By Yew Lun Tian
BEIJING (Reuters) – China’s military has built mockups in the shape of a U.S. Navy aircraft carrier and other U.S. warships, possibly as training targets, in the desert of Xinjiang, satellite images by Maxar showed on Sunday.
These mockups reflect China’s efforts to build up anti-carrier capabilities, specifically against the U.S. Navy, as tensions remain high with Washington over Taiwan and the South China Sea.
The satellite images showed a full-scale outline of a U.S. carrier and at least two Arleigh Burke-class guided missile destroyers had been built at what appears to be a new target range complex in the Taklamakan Desert.
The images also showed a 6-meter-wide rail system with a ship-sized target mounted on it, which experts say could be used to simulate a moving vessel.
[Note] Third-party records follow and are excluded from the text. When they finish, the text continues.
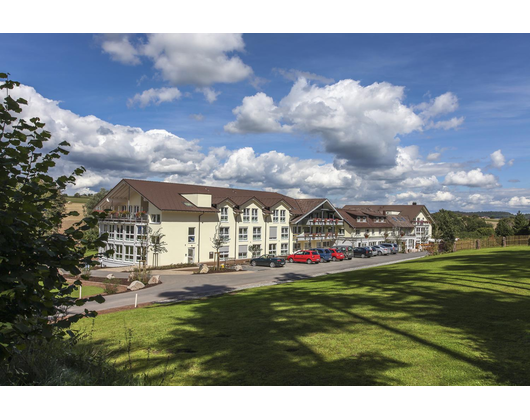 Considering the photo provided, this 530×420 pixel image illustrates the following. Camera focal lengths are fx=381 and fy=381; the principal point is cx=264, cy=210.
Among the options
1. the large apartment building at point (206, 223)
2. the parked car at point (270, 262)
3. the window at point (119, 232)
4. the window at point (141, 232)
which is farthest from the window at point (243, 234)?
the window at point (119, 232)

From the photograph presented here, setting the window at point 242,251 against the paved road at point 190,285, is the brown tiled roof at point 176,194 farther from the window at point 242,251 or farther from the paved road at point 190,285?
the paved road at point 190,285

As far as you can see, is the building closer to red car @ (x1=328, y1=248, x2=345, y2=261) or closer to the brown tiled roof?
the brown tiled roof

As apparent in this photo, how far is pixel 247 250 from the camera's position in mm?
51000

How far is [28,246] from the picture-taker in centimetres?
435

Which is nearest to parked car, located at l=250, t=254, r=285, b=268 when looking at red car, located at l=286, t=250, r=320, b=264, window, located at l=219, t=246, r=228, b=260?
red car, located at l=286, t=250, r=320, b=264

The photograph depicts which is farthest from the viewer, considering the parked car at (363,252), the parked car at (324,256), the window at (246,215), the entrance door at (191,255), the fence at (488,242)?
the parked car at (363,252)

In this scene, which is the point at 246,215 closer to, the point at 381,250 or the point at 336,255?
the point at 336,255

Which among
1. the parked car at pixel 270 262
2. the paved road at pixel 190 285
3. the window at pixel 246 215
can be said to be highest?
the window at pixel 246 215

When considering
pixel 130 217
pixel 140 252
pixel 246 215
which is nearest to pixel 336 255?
pixel 246 215

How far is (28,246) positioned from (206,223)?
4240cm

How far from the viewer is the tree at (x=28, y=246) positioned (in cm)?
421

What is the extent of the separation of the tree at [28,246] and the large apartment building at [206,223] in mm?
32028

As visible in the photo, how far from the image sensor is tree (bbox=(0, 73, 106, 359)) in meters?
4.21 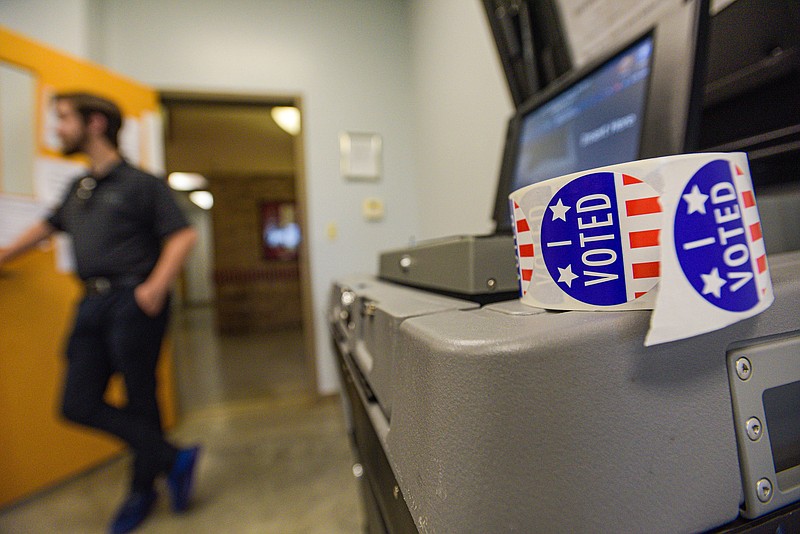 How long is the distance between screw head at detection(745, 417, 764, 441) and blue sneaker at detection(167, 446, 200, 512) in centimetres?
154

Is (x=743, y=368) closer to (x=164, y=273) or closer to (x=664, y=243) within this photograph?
(x=664, y=243)

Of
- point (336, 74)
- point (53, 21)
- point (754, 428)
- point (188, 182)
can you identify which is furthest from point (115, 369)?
point (188, 182)

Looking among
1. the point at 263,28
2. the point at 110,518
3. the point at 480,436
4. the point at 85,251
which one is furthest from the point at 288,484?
the point at 263,28

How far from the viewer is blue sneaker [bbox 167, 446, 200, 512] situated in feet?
4.14

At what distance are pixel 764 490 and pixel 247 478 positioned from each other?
5.31 feet

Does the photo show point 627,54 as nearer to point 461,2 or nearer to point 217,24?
point 461,2

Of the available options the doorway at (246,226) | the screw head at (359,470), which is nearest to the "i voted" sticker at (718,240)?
the screw head at (359,470)

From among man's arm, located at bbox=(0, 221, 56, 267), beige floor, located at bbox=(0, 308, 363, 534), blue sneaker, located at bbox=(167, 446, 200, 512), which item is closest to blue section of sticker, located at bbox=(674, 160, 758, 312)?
beige floor, located at bbox=(0, 308, 363, 534)

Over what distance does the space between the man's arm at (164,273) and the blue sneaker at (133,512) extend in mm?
642

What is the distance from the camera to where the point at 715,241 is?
0.25 meters

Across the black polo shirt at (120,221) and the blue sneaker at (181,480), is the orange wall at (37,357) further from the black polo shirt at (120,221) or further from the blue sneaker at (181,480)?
the blue sneaker at (181,480)

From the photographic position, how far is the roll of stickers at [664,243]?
0.24 metres

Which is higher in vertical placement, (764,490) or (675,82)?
(675,82)

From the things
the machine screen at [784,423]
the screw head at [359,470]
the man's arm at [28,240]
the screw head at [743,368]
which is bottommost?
the screw head at [359,470] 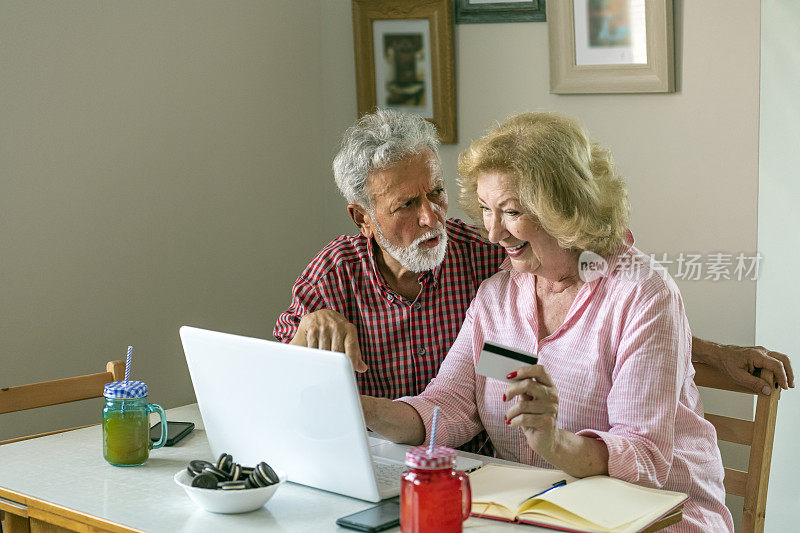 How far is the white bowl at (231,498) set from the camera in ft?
4.80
The complex has been used for ballistic missile testing, the U.S. Naval Institute reported https://news.usni.org/2021/11/07/china-builds-missile-targets-shaped-like-u-s-aircraft-carrier-destroyers-in-remote-desert, quoting geospatial intelligence company All Source Analysis.
For a graphic, click here https://tmsnrt.rs/3wmFA9i
China’s anti-ship missile programs are overseen by the People’s Liberation Army Rocket Force (PLARF). China’s defence ministry did not immediately respond to a request for comment.
According to the Pentagon’s latest annual report on China’s military, the PLARF conducted its first confirmed live-fire launch into the South China Sea in July 2020, firing six DF-21 anti-ship ballistic missiles into the waters north of the Spratly Islands, where China has territorial disputes with Taiwan and four Southeast Asian countries.
The tests at sea may have shown China “they are still far from creating an accurate ASBM,” said Collin Koh, a research fellow at the S. Rajaratnam School of International Studies in Singapore. “I don’t think the desert targets are going to be the final stage. It’s meant for further refinement.”
An anti-ship ballistic missile test in the desert would not reflect the realistic conditions of a marine environment, which could affect sensors and targeting, but would allow China to carry out the tests more securely, Koh said.
“The best way to test it and keep it out of the prying eyes of the U.S. military and intelligence assets is to do it inland,” he said.
Neighbouring countries, concerned about the missiles hitting other ships around the target, might also object to China’s testing at sea, he added.
U.S. Secretary of State Antony Blinken said in July this year that the United States will defend the Philippines if it comes under attack in the South China Sea and warned China to cease its “provocative behaviour”.